━━━ Records to use
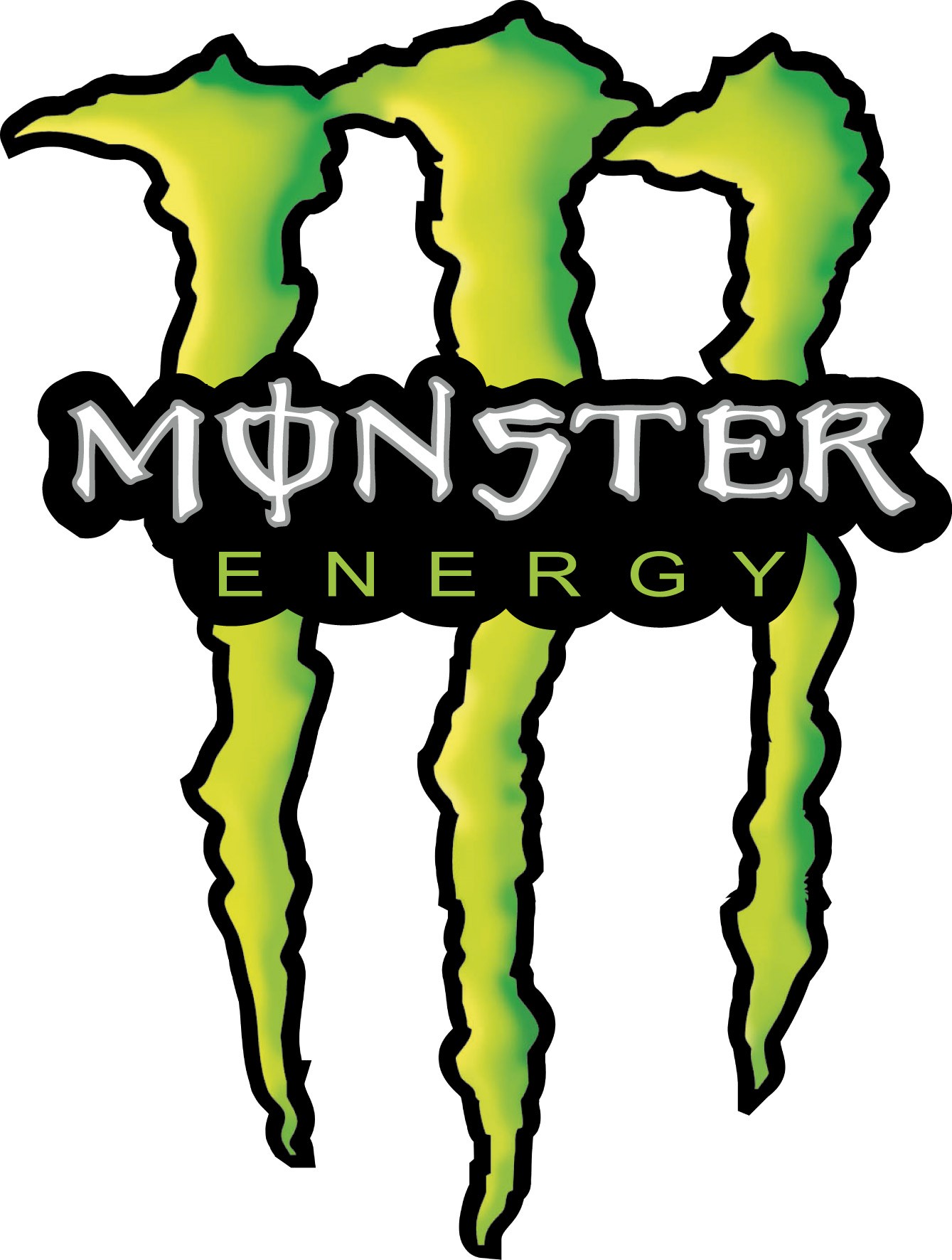 Sticker Monster Energy - Art Déco Stickers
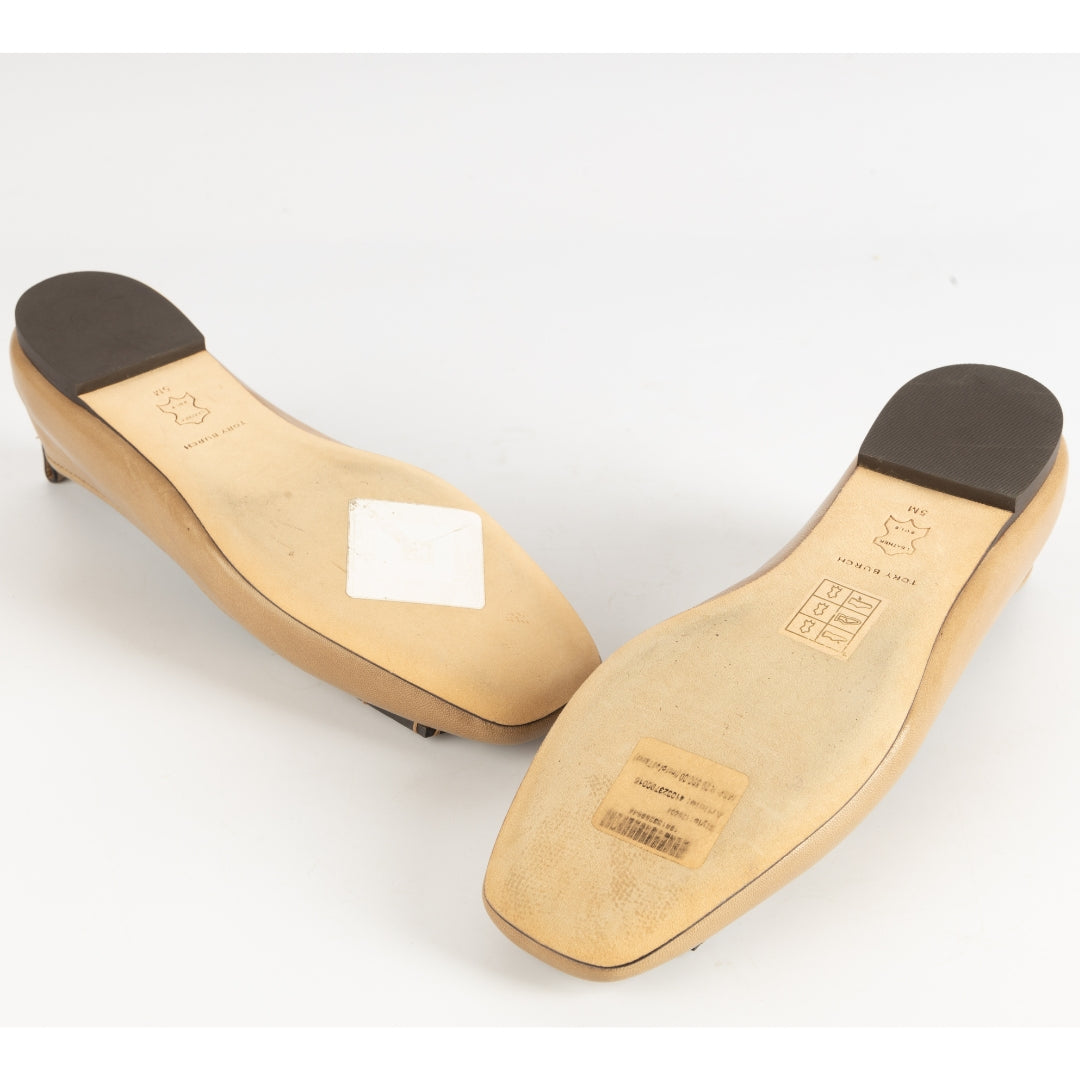 Tory Burch Ines Leather Ballet Flats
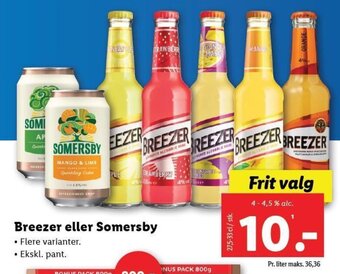Lidl Breezer eller Somersby tilbud
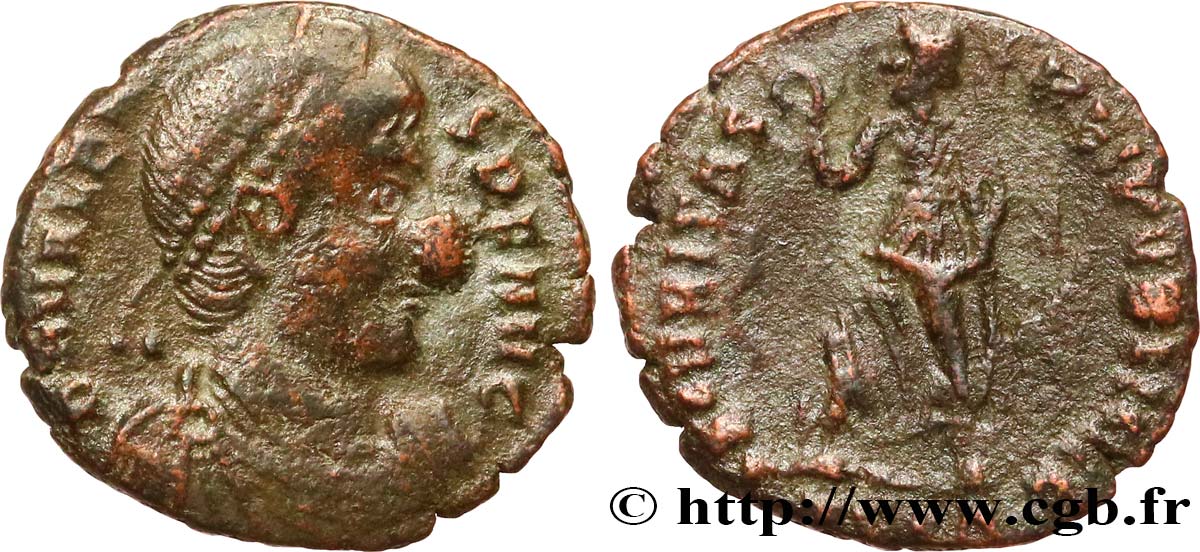 VALENS Nummus, (PB, Æ 3) TB+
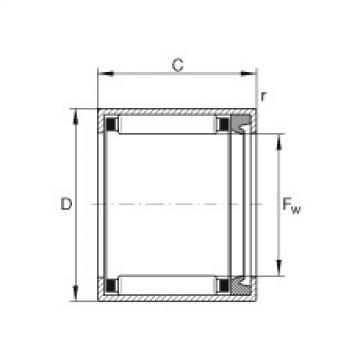 FAG ราคา bearing timken 107105 cup Drawn cup needle roller bearings with open ends - HK4518-RS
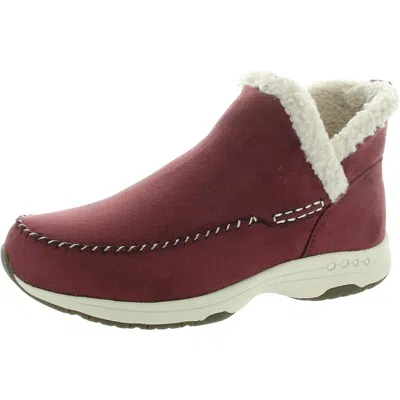 EASY SPIRIT TUVA WOMENS FAUX FUR LINED MAN MADE WINTER & SNOW BOOTS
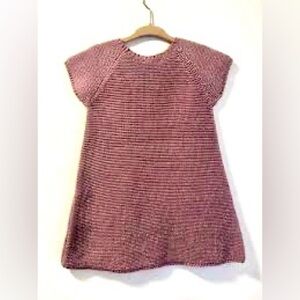 Pearls & Popcorn Rose de Bois Victoria Sweater Dress 4T EUC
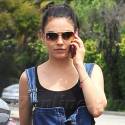 Mila Kunis Kicks Back In Overalls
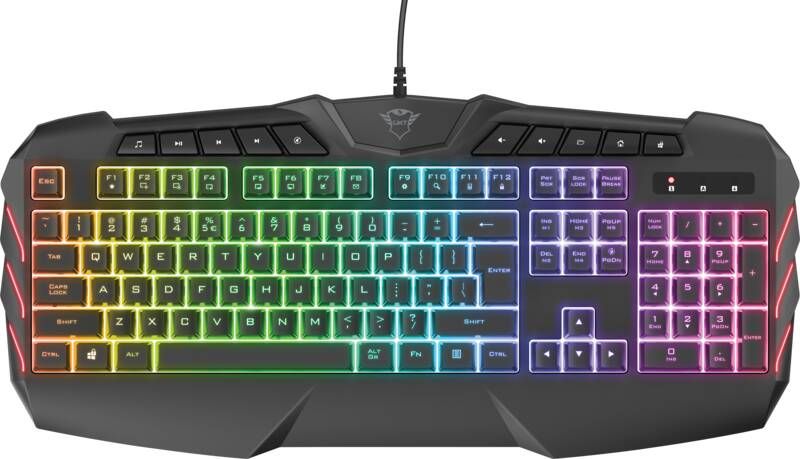 Trust GXT 881 Odyss Semi-mechanisch Gaming Toetsenbord QWERTY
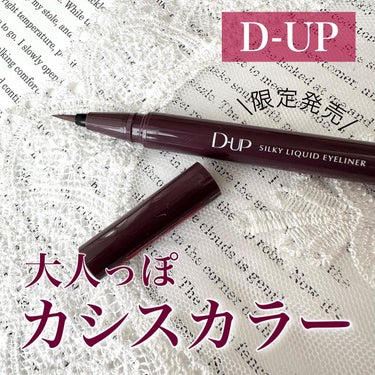 シルキーリキッドアイライナーWP カシスグレージュ/D-UP/リキッドアイライナーを使ったクチコミ（1枚目）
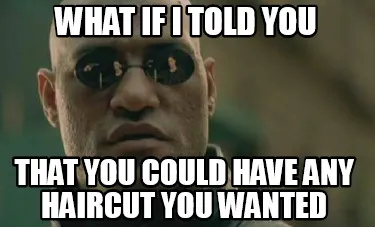 Funny What if I told you That you could have any haircut you wanted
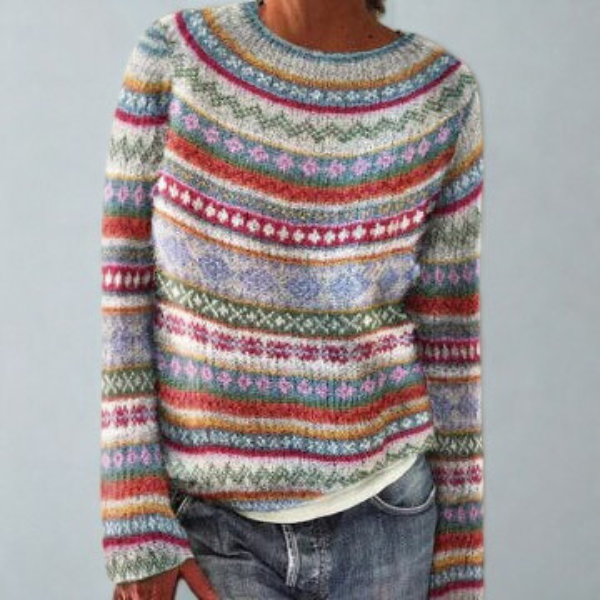 Relaxed Winter Knit Christmas Jumper - Multi-Colour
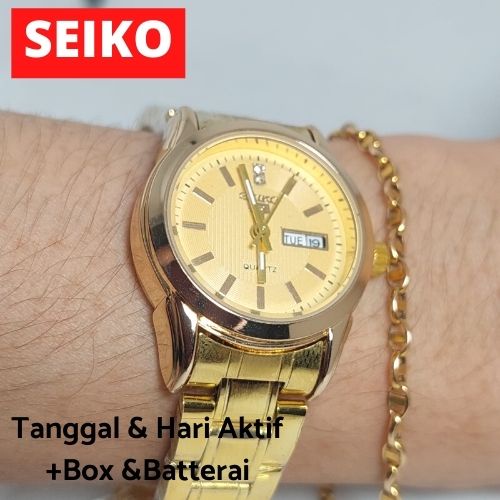 JAM TANGAN CEWEK PEREMPUAN WANITA ANTI AIR RANTAI SEIKO MURAH MODEL TERBARU  ORI ANALOG KEREN MEWAH 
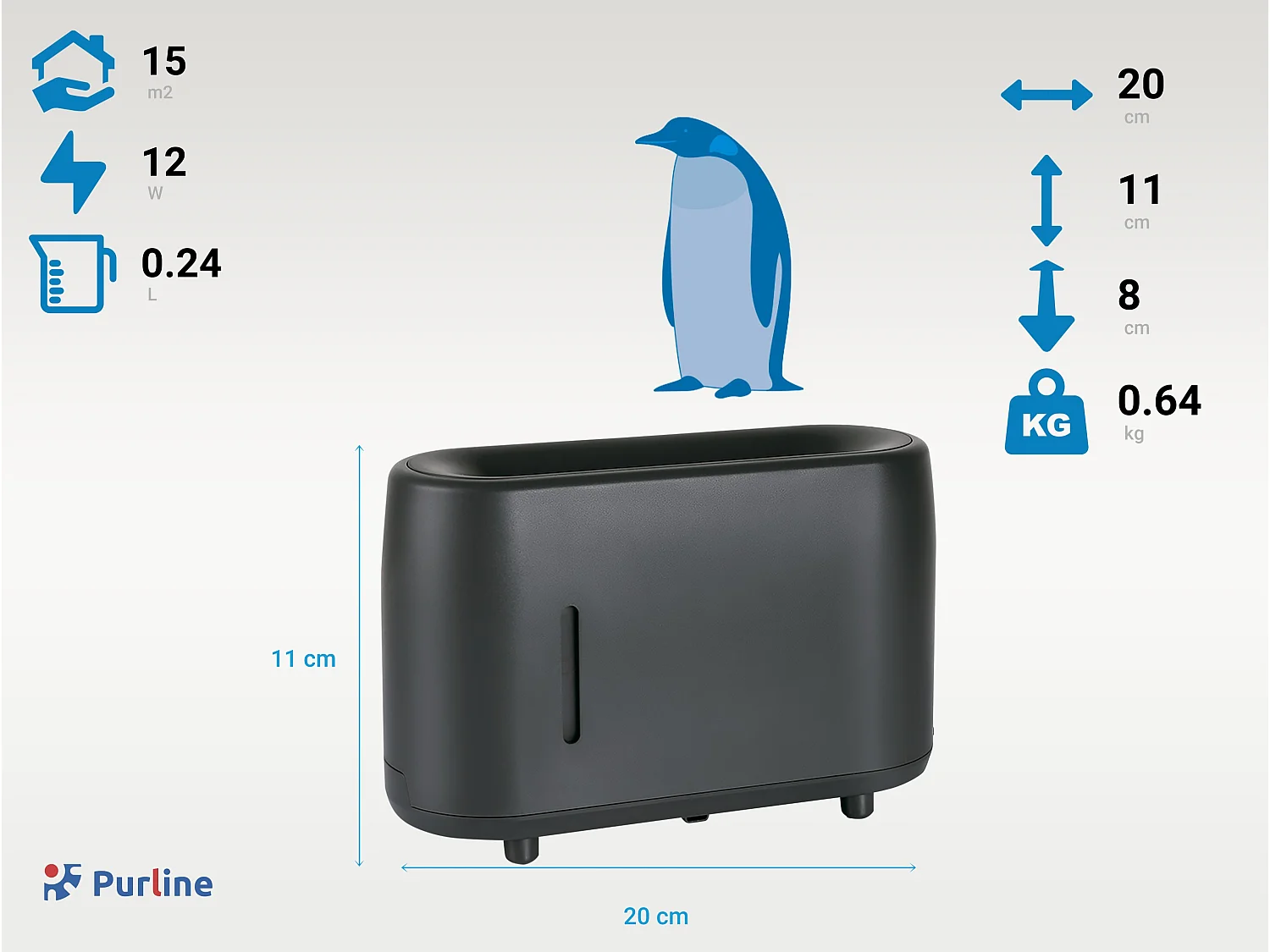 Difusor de aroma ultra-sónico com efeito de chama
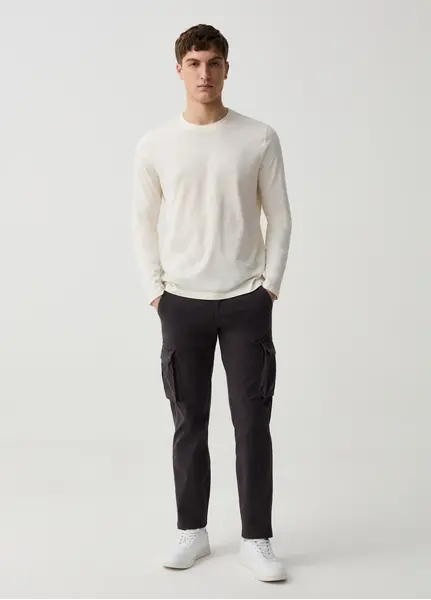 Pantallona per meshkuj, Madhësia: 38, Ngjyra: Zezë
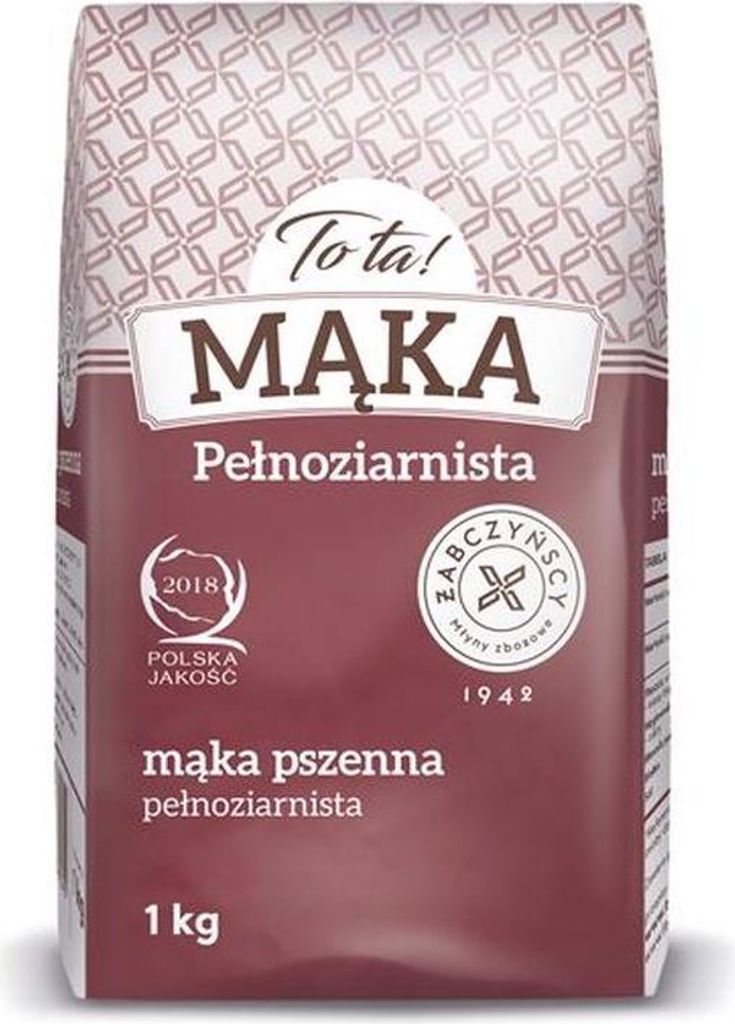 Tota! Mąka Pszenna Pełnoziarnista 1 Kg Zdjęcie produktu 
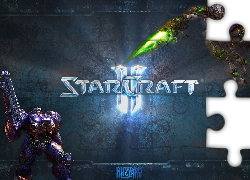 Starcraft 2, grafika, logo, postać, robot
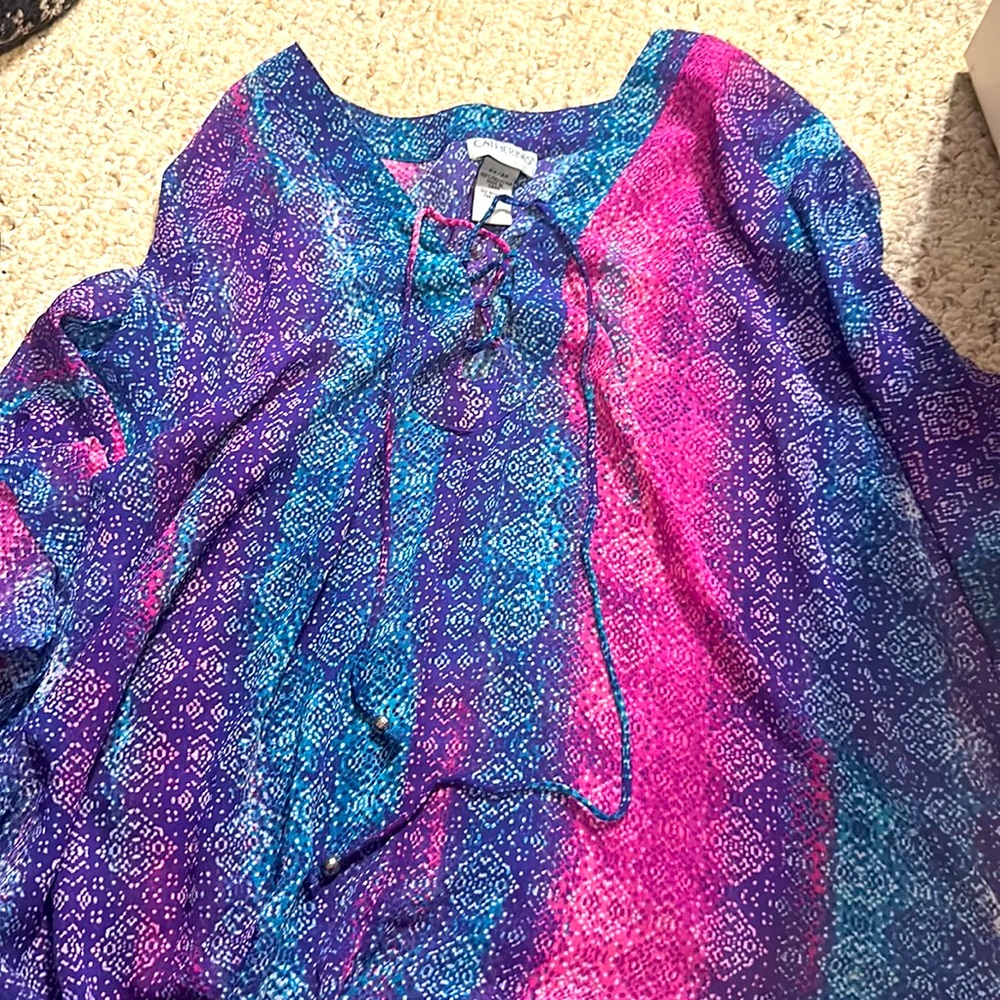 Poncho style beach cover up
━━━━━━
● Exercise details: Your copy should hold only the lines running from the one that contains "JAM TANGAN CEWEK" through the final line of the data; transcribe them exactly, both ends included, and leave pictures out.

● Problem solution:
 JAM TANGAN CEWEK PEREMPUAN WANITA ANTI AIR RANTAI SEIKO MURAH MODEL TERBARU  ORI ANALOG KEREN MEWAH 
 Difusor de aroma ultra-sónico com efeito de chama
 Pantallona per meshkuj, Madhësia: 38, Ngjyra: Zezë
 Tota! Mąka Pszenna Pełnoziarnista 1 Kg Zdjęcie produktu 
 Starcraft 2, grafika, logo, postać, robot
 Poncho style beach cover up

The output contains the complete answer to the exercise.